You create an accelerator by connecting the Informix database server to the accelerator server (pairing). An accelerator is a logical entity that contains information for a connection from the database server to the accelerator server and for the data marts that are associated with that connection.

Set up the connection by using the ondwa getpin command to retrieve the IP address, port number, and pairing code from the accelerator server. For example:

# ondwa getpin

192.168.1.3 21022 4302

Now the accelerator can be created using the SQL administration funcion ifx_setupDWA. The syntax is as follows:

> ifx_setupDWA('ACC_NAME', 'IP_ADDRESS', 'PORT', 'PIN_CODE');

where ACC_NAME is an arbitrary name for the logical accelerator which will be created, and the other three parameters should be replaced by the valued from the getpin command.

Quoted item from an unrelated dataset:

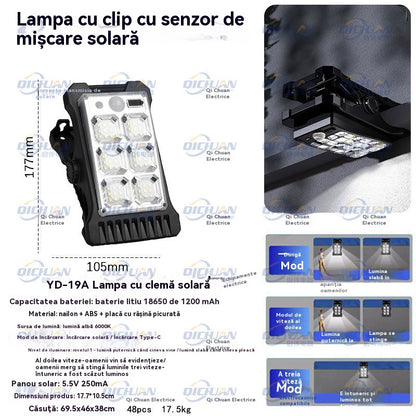 💥Luz solar con sensor de cuerpo humano y clip, resistente al agua💥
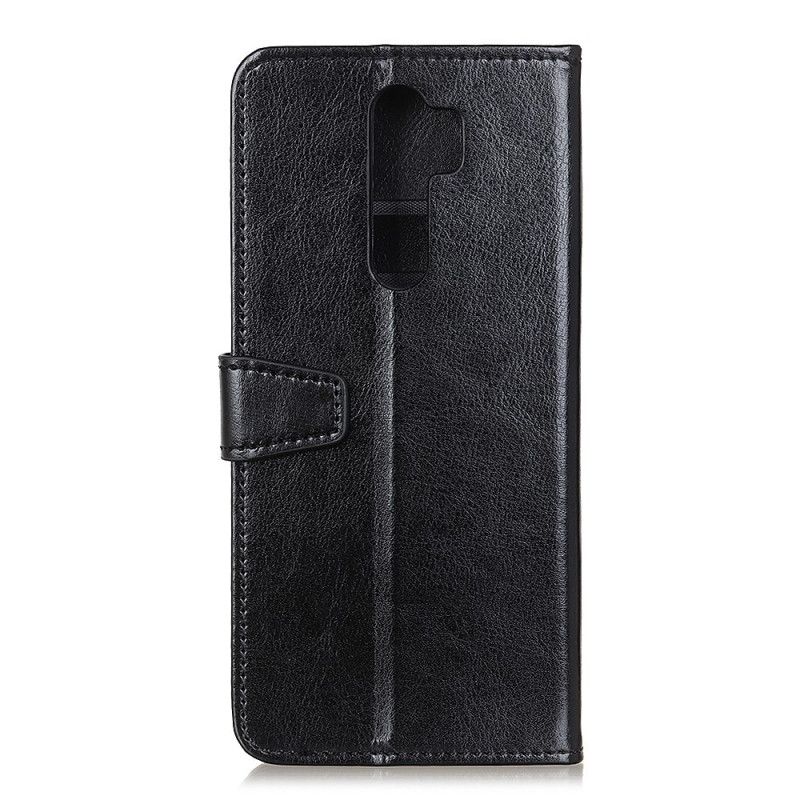 Flip Case Leren Xiaomi Redmi 9 Wit Zwart Eenvoudig Glanzend Leereffect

In our example is:

$ dbaccess demodb -

Database selected.

> EXECUTE FUNCTION ifx_setupDWA('IWA1DEMODB', '192.168.1.3', '21022', '4302');

(expression)   The operation was completed successfully.

1 row(s) retrieved.

Check the official documentation for other methods to pair a IWA instance to the DB server: link.

IWA Accelerator allows to create a datamart definition from "probe data" stored by executing SQL statements.

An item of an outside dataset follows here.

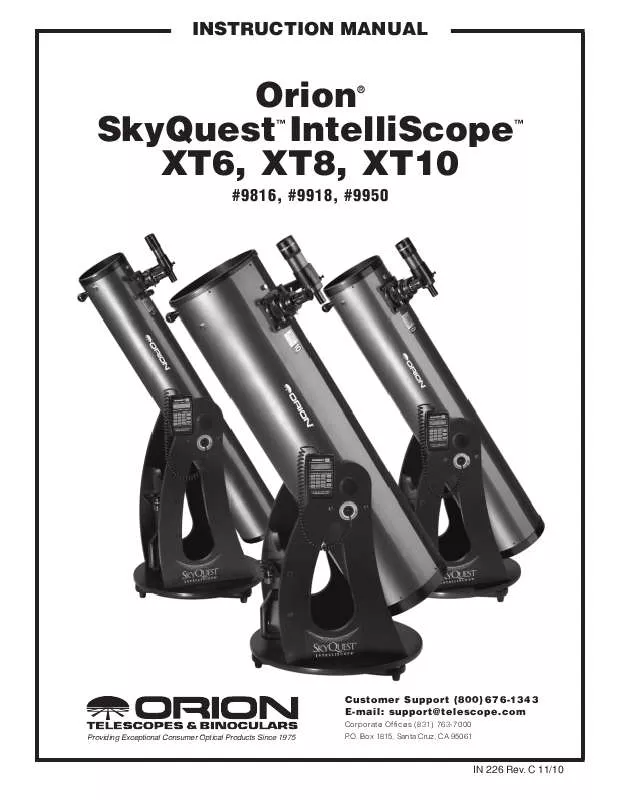 Mode d'emploi ORION TELESCOPES & BINOCULARS INTELLISCOPE DOBSONIAN XT10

Next SQL script allows to automatize Datamart definition from SQL Statement execution.

database dbs_dwh; -- Nos ubicamos en la BD en donde se encuentra la data

set environment use_dwa 'probe cleanup';           -- Limpiamos relevamiento de IWA
set environment use_dwa 'probe start';             -- Levantamos el relevamiento
set optimization environment fact 'my_fact_table'; -- Indicamos que va ser FACT TABLE

set explain on avoid_execute;                      -- Habilitamos explain para simular query y seleccionar tablas


SELECT * 
  FROM my_fact_table, my_dimension
 WHERE my_fact_table.joinid = my_dimension.joinid;


set explain off;  -- Apagamos el explain
set environment use_dwa 'probe stop'; -- Apagamos el relevamiento

-- Convertimos la informacion almacenada en el probe (onstat -g probe) a una estructura
-- de definicion de datamart que se guarda en tablas especiales
-- Por eso lo hacemos en una base de datos independientes, ya que todas las
-- tablas creadas iwa_* son solo temporales.

drop database if exists probe_mart2;
create database probe_mart2 with buffered log;
database probe_mart2;

execute procedure ifx_probe2mart("dbs_dwh", "mart_name_2");


database dbs_dwh;

-- Solo debemos borrar el datamart si existe previamente
--execute function ifx_dropmart('IWAS3','mart_name_2');

-- Creamos un datamart real a partir de la estructura de definicion que tenemos en la base de datos probe_mart2
execute function ifx_createmart('IWAS3', 'mart_name_2', 'probe_mart2');

-- Cargamos los datos en el acelerador
--execute function ifx_loadmart('IWAS3','mart_name_2','NONE');

-- Guardamos una copia de la definición interna del datamart en XML
execute function lotofile(ifx_getMartdef('IWAS3', 'mart_name_2'), 'mart_name_2.xml','client');

If you define your datamarts using the probe method or using an DataMart XML file definition, you can use NCHAR or NVARCHAR data types in columns to accelerate.

Allowing NLS data types doesn't means IWA uses NLS to sort data. Informix IWA always use ASCII code (single byte) binary sorting.

To activate this hidden capability you need to set IWA_ALLOW_NCHAR in your environment variable before starting engine and in the session creating the datamart.

export IWA_ALLOW_NCHAR=1